The Nagas

Hill Peoples of Northeast India

Project Introduction The Naga Database

manuscript - Christoph von Furer-Haimendorf, Naga diary four

caption: young people singing and dancing
medium: diaries
ethnicgroup: Konyak
location: Longkhai
date: 24.2.1937
production:
person: Furer-Haimendorf
date: 12.2.1937-31.3.1937
note: translated from german by Dr Ruth Barnes
acquirer:
person: School of Oriental and African Studies Library, London
text: The evocation of the deity is completed and soon the young people continue singing and dancing. But first they have to eat so everyone rushes home to the hearth to take part in a generous meal after the day's efforts. But it does not take long until the songs of the girls are sounding from the Ang house. (77)
text: They now dance in the long colonaded hall alongside the living quarters and only a small fire throws a red flickering light over the naked, jewellery covered figures. Dance and songs are the same as before. Several older women and some children are watching the dance but the boys have not yet shown up. A bit later they too arrive and form two groups in the same room like the girls. They are dancing quietly and sedately without touching each other with their daos in their hands, much like on the first evening.
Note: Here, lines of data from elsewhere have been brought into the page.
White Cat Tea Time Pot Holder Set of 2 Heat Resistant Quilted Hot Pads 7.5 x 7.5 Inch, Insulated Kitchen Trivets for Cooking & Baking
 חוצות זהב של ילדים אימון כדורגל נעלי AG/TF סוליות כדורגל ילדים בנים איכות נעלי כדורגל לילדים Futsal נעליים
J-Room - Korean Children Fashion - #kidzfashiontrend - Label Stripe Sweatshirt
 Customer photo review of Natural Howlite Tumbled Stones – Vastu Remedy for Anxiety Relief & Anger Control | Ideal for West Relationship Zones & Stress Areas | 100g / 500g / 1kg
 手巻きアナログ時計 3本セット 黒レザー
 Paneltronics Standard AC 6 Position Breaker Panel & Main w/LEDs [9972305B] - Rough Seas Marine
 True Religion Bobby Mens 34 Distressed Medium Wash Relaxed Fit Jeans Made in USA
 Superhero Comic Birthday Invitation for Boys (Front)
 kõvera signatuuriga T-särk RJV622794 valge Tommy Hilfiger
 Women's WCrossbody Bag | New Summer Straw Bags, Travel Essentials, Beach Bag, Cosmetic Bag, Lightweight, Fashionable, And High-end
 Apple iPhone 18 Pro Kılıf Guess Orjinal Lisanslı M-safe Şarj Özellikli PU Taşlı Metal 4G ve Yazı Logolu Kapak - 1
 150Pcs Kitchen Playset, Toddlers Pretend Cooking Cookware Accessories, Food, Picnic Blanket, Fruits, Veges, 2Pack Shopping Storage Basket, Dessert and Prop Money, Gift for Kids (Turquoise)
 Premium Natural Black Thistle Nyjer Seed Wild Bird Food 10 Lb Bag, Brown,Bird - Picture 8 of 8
During the dance the young men and girls take no notice of each other as it appears on the surface. It is so dark in the hall that one can hardly see the dancers, much less whether perhaps boys and girls are getting together somewhere.
text: When I throw another glance into the hall around midnight I notice at least that now only the younger girls with lead earrings and very young boys are still dancing. I could not discover what the older ones were doing but they certainly had not gone home. The full moon was in an almost cloudless sky (78) and the small leaves at the tip of the bamboo pole in front of the Ang's house were shining silvery in its light. The palm-leaf covered roofs also sparkle lightly and as now a group of youths is coming out of the house and dances in front of the euphorbia tree with the Pangsha head the romantic image leaves nothing to be desired. Now and then one hears laughter and noises just as we know it from the end of a celebration and a short silence only occurs when the cocks start to crow.